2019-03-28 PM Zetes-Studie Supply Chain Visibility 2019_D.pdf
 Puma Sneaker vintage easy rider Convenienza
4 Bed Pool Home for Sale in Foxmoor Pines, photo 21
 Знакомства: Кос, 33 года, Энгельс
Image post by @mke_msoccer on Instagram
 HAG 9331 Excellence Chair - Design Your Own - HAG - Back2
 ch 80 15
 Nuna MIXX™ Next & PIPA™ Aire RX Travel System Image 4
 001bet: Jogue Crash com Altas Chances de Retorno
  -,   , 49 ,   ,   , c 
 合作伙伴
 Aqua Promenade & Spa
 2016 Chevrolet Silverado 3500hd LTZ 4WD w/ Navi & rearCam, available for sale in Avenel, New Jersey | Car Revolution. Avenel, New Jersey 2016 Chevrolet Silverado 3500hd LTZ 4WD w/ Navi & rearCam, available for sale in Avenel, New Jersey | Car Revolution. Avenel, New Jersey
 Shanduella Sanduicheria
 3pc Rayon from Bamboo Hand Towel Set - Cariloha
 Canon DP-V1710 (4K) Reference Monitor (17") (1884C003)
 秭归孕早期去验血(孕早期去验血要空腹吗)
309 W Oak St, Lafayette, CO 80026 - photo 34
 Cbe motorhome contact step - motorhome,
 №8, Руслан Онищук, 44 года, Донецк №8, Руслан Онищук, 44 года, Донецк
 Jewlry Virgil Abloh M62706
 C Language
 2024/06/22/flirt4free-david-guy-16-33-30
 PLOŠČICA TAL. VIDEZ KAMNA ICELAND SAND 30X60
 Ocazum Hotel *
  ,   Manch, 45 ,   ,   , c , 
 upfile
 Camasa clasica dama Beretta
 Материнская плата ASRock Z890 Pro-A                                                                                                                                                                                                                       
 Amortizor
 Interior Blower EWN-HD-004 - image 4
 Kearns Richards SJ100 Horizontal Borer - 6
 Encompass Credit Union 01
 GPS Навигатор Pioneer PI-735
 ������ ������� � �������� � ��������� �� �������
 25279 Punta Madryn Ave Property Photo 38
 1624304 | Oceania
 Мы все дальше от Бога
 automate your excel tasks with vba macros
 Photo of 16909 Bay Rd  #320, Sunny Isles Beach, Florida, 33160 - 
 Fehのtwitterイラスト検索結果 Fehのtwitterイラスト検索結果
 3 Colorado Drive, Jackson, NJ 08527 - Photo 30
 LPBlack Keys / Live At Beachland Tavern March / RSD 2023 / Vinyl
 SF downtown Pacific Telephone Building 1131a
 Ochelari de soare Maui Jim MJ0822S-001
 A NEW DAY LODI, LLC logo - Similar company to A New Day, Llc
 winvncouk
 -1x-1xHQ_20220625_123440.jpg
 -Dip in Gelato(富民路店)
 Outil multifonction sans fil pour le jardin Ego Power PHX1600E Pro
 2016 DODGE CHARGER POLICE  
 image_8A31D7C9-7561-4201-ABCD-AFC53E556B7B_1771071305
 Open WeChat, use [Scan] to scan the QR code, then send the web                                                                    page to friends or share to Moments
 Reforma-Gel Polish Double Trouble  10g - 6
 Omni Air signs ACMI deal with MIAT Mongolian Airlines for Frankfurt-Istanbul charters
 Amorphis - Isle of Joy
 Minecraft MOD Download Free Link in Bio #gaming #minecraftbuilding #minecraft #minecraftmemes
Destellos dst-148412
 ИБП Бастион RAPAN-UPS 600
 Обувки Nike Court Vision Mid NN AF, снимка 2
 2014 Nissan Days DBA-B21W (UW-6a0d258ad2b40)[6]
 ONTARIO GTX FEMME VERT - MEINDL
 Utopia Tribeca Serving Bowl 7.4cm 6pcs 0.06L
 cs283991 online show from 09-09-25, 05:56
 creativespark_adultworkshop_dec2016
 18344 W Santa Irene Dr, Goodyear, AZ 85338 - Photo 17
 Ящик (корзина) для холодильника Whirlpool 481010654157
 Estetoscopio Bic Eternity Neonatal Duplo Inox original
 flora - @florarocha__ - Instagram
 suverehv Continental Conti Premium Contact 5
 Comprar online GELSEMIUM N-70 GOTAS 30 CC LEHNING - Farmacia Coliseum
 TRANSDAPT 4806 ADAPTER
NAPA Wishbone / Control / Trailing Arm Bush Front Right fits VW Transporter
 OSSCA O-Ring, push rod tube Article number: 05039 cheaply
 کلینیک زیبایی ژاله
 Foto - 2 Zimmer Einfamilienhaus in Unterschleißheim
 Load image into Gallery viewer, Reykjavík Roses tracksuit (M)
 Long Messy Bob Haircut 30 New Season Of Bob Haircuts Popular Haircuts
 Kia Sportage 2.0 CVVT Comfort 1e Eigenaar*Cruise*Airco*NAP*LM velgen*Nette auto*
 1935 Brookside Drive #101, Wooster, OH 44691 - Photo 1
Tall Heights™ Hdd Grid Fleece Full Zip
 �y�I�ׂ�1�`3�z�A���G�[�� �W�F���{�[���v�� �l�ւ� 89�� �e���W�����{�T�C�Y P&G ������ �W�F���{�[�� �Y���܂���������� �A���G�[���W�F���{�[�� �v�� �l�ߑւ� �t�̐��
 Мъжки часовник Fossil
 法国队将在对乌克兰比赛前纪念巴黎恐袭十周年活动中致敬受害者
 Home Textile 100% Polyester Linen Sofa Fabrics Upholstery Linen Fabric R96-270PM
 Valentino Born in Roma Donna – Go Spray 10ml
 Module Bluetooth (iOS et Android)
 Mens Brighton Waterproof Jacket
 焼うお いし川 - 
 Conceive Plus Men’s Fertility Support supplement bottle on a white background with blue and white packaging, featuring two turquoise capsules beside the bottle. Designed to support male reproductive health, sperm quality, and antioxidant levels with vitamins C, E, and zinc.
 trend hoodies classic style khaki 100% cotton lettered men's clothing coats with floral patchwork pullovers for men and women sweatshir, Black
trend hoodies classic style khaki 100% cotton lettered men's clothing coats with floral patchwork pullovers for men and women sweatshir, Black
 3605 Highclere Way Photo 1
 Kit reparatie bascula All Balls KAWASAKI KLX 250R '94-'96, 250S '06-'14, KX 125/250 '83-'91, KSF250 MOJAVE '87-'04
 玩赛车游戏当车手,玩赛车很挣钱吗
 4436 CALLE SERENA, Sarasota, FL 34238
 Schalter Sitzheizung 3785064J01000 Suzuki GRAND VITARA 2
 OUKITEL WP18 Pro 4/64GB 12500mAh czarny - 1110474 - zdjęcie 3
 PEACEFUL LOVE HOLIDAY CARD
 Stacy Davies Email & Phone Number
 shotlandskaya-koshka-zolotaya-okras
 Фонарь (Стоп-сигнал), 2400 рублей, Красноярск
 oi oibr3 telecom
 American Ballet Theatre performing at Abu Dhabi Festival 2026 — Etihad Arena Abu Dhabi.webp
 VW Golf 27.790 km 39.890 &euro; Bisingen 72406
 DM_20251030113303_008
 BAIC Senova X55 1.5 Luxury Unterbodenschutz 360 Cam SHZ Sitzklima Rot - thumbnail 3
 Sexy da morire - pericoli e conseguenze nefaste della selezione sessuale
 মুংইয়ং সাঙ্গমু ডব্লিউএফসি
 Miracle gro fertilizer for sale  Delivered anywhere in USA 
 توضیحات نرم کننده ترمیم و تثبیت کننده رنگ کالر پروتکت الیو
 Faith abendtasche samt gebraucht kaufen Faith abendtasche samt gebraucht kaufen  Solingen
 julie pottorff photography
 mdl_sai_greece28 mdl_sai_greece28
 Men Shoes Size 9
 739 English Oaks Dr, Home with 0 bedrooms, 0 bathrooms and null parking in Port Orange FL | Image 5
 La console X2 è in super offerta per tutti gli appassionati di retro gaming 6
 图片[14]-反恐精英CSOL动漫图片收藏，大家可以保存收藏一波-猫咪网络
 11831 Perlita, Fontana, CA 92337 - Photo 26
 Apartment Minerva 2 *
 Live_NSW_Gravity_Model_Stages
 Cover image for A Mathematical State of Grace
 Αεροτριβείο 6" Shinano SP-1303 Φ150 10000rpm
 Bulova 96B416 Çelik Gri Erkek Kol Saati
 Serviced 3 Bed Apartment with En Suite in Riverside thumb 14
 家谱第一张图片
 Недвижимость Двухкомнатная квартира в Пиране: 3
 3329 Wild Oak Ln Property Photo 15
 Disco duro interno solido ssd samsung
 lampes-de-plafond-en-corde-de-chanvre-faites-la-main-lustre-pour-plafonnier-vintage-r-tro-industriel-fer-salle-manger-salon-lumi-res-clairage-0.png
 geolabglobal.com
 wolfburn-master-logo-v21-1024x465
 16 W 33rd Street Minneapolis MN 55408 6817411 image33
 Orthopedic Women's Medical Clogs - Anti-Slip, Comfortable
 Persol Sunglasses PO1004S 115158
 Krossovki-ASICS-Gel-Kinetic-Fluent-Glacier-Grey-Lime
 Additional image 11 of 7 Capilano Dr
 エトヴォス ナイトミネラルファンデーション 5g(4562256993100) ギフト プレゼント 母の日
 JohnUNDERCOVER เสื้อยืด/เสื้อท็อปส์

* * * * *

*Aim of the task*:
Which lines run from the one holding "Nuna MIXX™ Next" through the one holding "Ochelari de soare Maui Jim MJ0822S-001" in the records above? Repeat them exactly, both included, and nothing more.

*Response area*:
 Nuna MIXX™ Next & PIPA™ Aire RX Travel System Image 4
 001bet: Jogue Crash com Altas Chances de Retorno
  -,   , 49 ,   ,   , c 
 合作伙伴
 Aqua Promenade & Spa
 2016 Chevrolet Silverado 3500hd LTZ 4WD w/ Navi & rearCam, available for sale in Avenel, New Jersey | Car Revolution. Avenel, New Jersey 2016 Chevrolet Silverado 3500hd LTZ 4WD w/ Navi & rearCam, available for sale in Avenel, New Jersey | Car Revolution. Avenel, New Jersey
 Shanduella Sanduicheria
 3pc Rayon from Bamboo Hand Towel Set - Cariloha
 Canon DP-V1710 (4K) Reference Monitor (17") (1884C003)
 秭归孕早期去验血(孕早期去验血要空腹吗)
309 W Oak St, Lafayette, CO 80026 - photo 34
 Cbe motorhome contact step - motorhome,
 №8, Руслан Онищук, 44 года, Донецк №8, Руслан Онищук, 44 года, Донецк
 Jewlry Virgil Abloh M62706
 C Language
 2024/06/22/flirt4free-david-guy-16-33-30
 PLOŠČICA TAL. VIDEZ KAMNA ICELAND SAND 30X60
 Ocazum Hotel *
  ,   Manch, 45 ,   ,   , c , 
 upfile
 Camasa clasica dama Beretta
 Материнская плата ASRock Z890 Pro-A                                                                                                                                                                                                                       
 Amortizor
 Interior Blower EWN-HD-004 - image 4
 Kearns Richards SJ100 Horizontal Borer - 6
 Encompass Credit Union 01
 GPS Навигатор Pioneer PI-735
 ������ ������� � �������� � ��������� �� �������
 25279 Punta Madryn Ave Property Photo 38
 1624304 | Oceania
 Мы все дальше от Бога
 automate your excel tasks with vba macros
 Photo of 16909 Bay Rd  #320, Sunny Isles Beach, Florida, 33160 - 
 Fehのtwitterイラスト検索結果 Fehのtwitterイラスト検索結果
 3 Colorado Drive, Jackson, NJ 08527 - Photo 30
 LPBlack Keys / Live At Beachland Tavern March / RSD 2023 / Vinyl
 SF downtown Pacific Telephone Building 1131a
 Ochelari de soare Maui Jim MJ0822S-001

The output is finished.